Absolute Goldmine: WTPWB Exclusive

coverThis is absolutely incredible. See that bag of money and weapons over on the right there? Now imagine that bag turning up being the tamest crime you encountered in a given week. If you lived somewhere in Florida, where that bag of money turned up this week, that would probably be the case. Through general tooling around on the internet, like ya do, we have come across perhaps the richest bevvy of batshit local news ever discovered in one place. Not surprisingly, it comes to us from the unfortunate state of Florida, specifically the crime section of TCPalm.com, which purports to cover the news of “Florida’s Treasure Coast and Palm Beaches.” People here don’t seem to just commit crimes–they go absolutely buck wild. Here are absolutely real headlines, just from the past week:

  • Fort Pierce woman throws table leg through window, chokes boyfriend when he won’t buy her more Natural Ice beer, police say [link]
  • Bag of cocaine ’shot out’ of suspect’s body at St. Lucie County gas station when he relaxed, deputies say [link]
  • Martin County homeowner says suspect covered in feces jumped into pool [link]
  • Road-rage incident grows into battery, robbery [link]
  • Thief yanks off man’s pants in Palm City, takes cash, phone [link]
  • Port St. Lucie man arrested on lewdness charge after woman finds him trying to hide under bed of her 15-year-old daughter [link]
  • Two Vero Beach residents arrested in St. Lucie incidents involving dead alligator [link]
  • Have you seen this boat? Photos released of baby blue 35-foot Renegade stolen from Stuart boat dealer [link]

And this is just from this week. So pack your bags, find a place to stay in Florida, and meet us after the jump for highlights and mugshots.

Let’s obviously start with the one where a bag of cocaine shot out of a man’s anus. From the article:

“Wiley was then escorted to the men’s room for a more detailed search,” the affidavit states. “While being escorted, Wiley dropped his shorts in the middle of the store stating, ‘I don’t have nothing.’ ”Wiley’s backside appeared “clenched tight” as if he was hiding something. While walking, his backside relaxed and a clear bag with about 22 grams of cocaine in it “shot out” onto the store’s floor. “Wiley then kicked back with his foot trying to kick the bag back stating again, ‘I don’t have nothing,’ ” the affidavit states.

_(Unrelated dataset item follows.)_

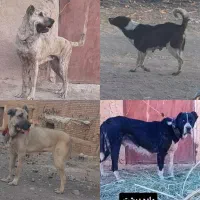 واگذاری ۵ عدد سگ ماده درشت نگهبانی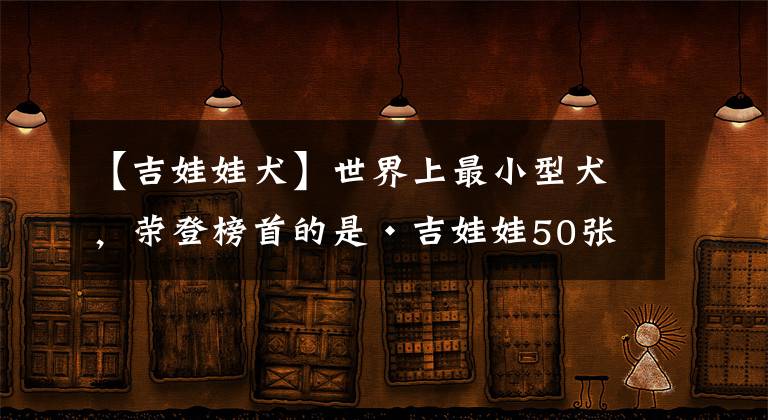 【吉娃娃犬】世界上最小型犬，榮登榜首的是?吉娃娃50張?喜歡黏人的小可愛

The highlight from the article about the woman throwing a table leg through her window is certainly the flowery prose of the officer assigned to the case. After describing Natty Ice as a “an economy brand high-alcohol beer beverage,” the imagery provided by the description of the table leg being hurled really conjures tears: She “threw the hard missile through a window of the residence, causing deadly shards of glass to be forcefully launched into the occupied residence.”

From the article about the dead alligator hullabaloo:

Meanwhile, an FWC official spied a woman at a home in the area pulling pink meat in a clear plastic bag out of a refrigerator. She then put the bag in a cabinet in the kitchen.The 62-year-old woman, identified as Archie Dean Driggers, escorted the FWC official in. Driggers pulled out the bag of meat, and the FWC official noted it “appeared to be fresh alligator meat.”Driggers reportedly said that “we had a gator what else do you want to know.”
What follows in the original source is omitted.